> EXERCISE
For the entries that follow, restate word for word the line containing "Monster PVE in", the line containing "Hape Double Flavored Birthday Cake", and every line that lies between them.

> PROVIDED DATA
——

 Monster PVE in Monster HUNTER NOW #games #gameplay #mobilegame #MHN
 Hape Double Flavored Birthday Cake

——

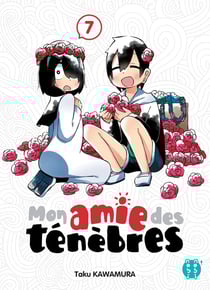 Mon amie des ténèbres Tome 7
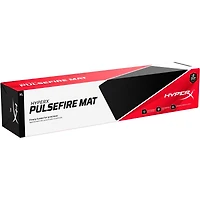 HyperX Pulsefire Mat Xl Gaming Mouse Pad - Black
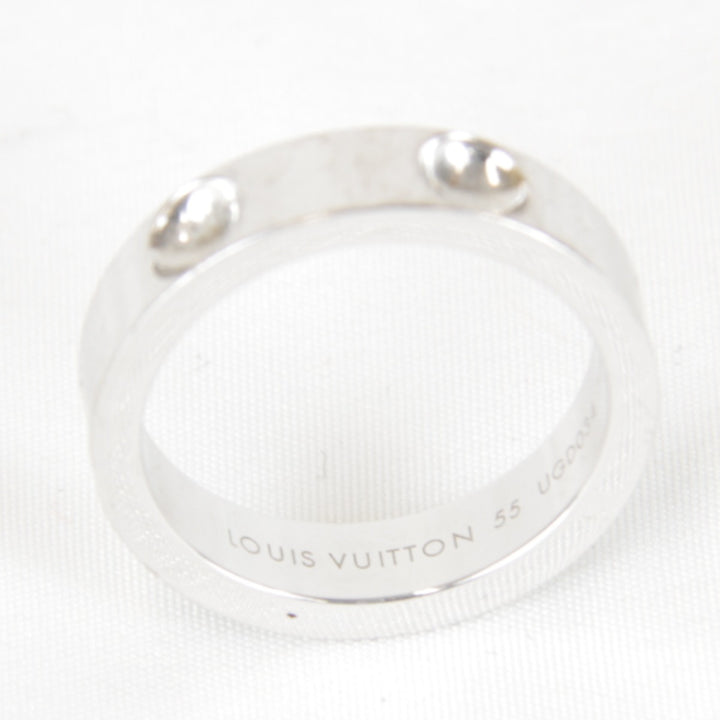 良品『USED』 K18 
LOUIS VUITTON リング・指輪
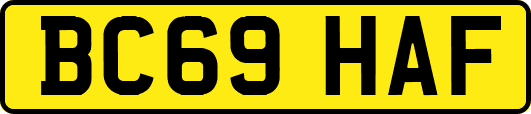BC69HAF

——

> WRITTEN ANSWER
 Monster PVE in Monster HUNTER NOW #games #gameplay #mobilegame #MHN
 Hape Double Flavored Birthday Cake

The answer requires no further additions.